● **Problem statement**
After locating the line that contains "a dinosaur with", transcribe exactly that line and each one after it until the data ends, skipping pictures.
━━━━━ Supplied information
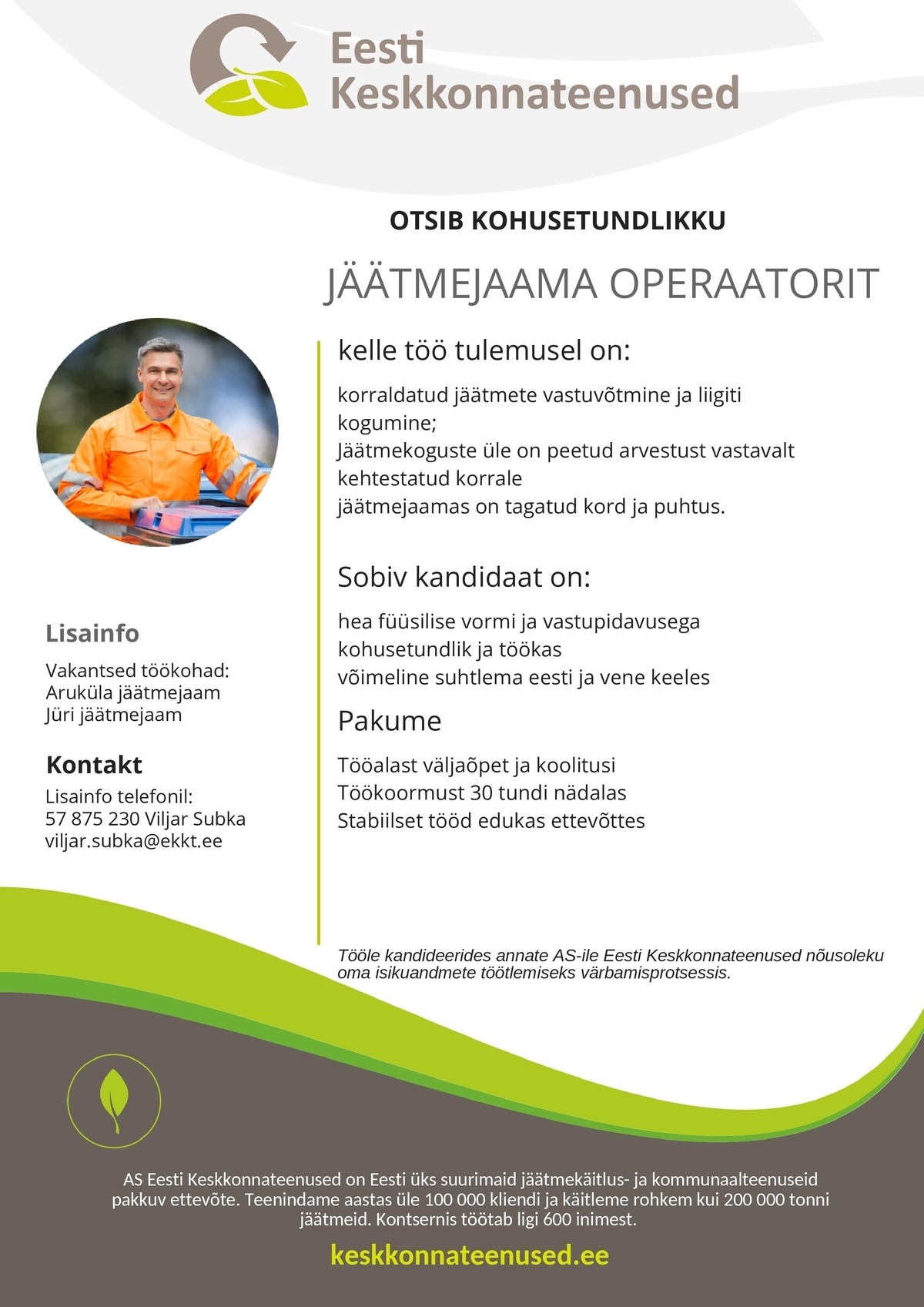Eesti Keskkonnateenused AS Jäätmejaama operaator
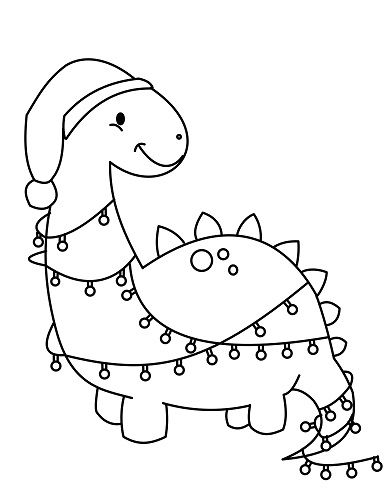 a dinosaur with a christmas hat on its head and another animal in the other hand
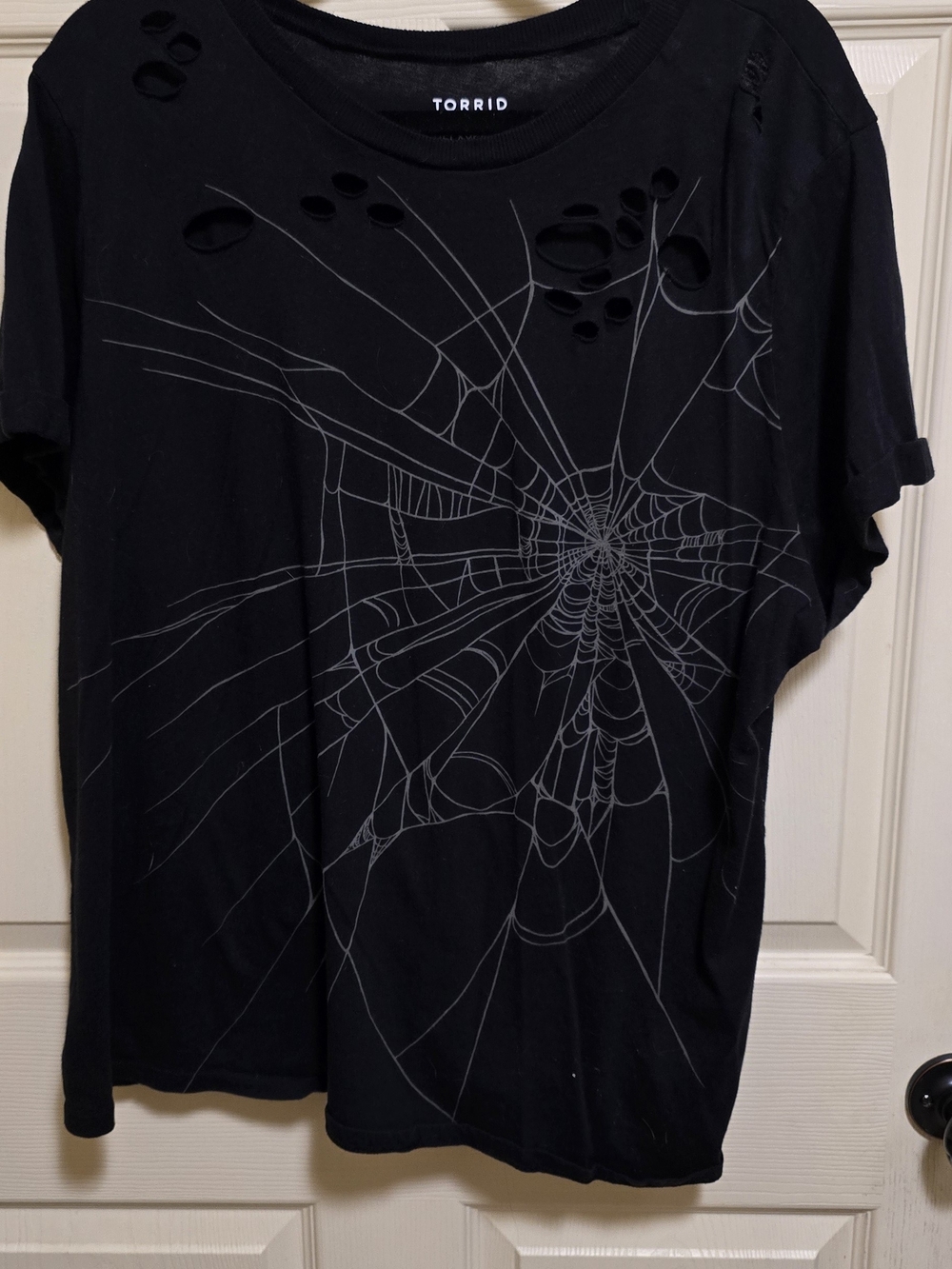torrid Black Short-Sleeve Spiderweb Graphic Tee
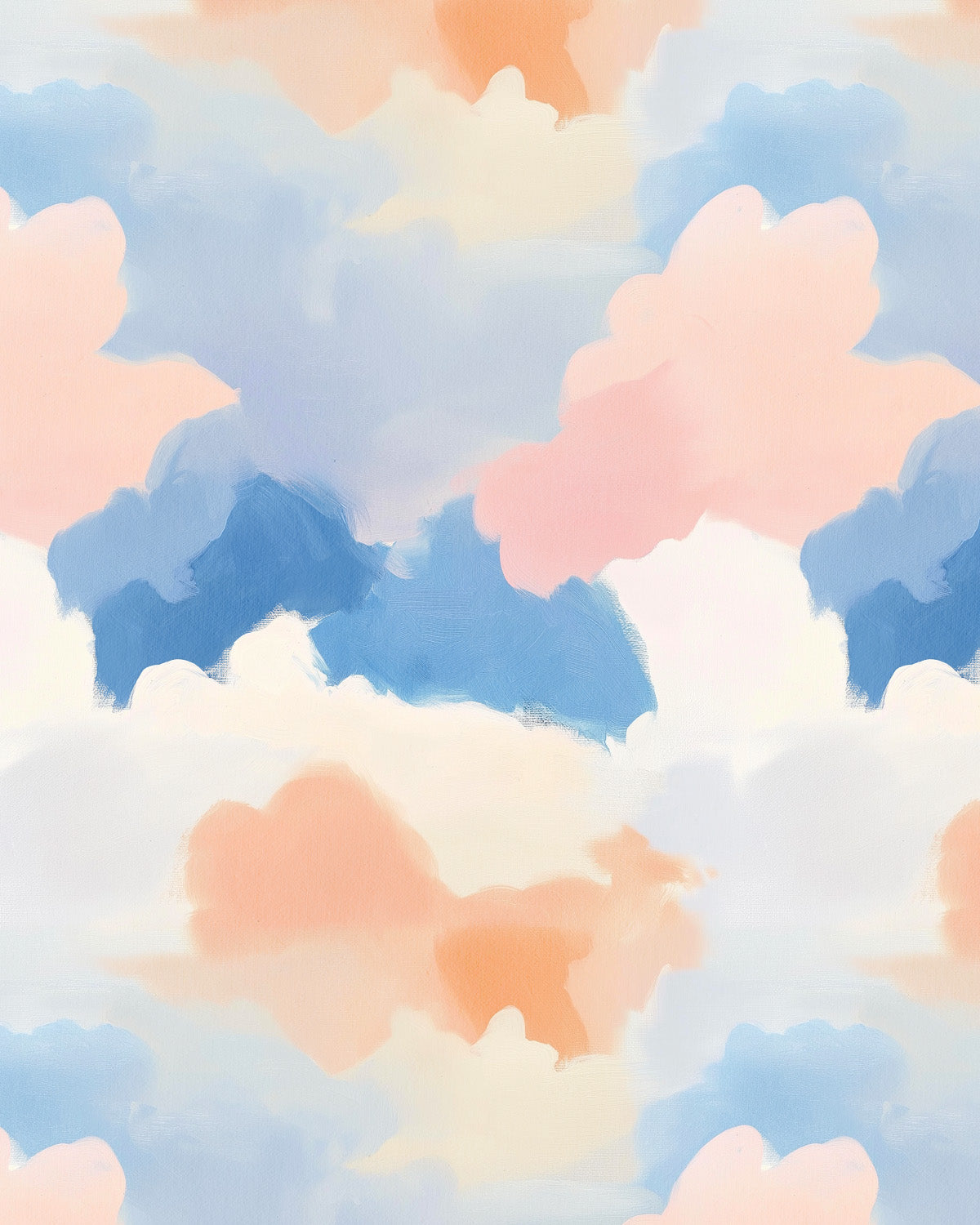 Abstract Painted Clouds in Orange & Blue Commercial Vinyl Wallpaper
━━━━━━━━━━
● **Response area**
 a dinosaur with a christmas hat on its head and another animal in the other hand
torrid Black Short-Sleeve Spiderweb Graphic Tee
 Abstract Painted Clouds in Orange & Blue Commercial Vinyl Wallpaper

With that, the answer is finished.